### DATA UNDER STUDY
- Opening Delimiter -
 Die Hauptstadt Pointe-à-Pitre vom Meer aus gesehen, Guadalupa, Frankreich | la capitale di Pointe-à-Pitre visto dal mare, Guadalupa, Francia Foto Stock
- Closing Delimiter -
- Opening Delimiter -
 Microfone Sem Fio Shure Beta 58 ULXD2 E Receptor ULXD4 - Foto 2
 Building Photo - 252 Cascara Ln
- Closing Delimiter -
Please make an exact copy of the lines above from the line with "Microfone Sem Fio" through the line with "Building Photo - 252 Cascara Ln", both ends included.

 Microfone Sem Fio Shure Beta 58 ULXD2 E Receptor ULXD4 - Foto 2
 Building Photo - 252 Cascara Ln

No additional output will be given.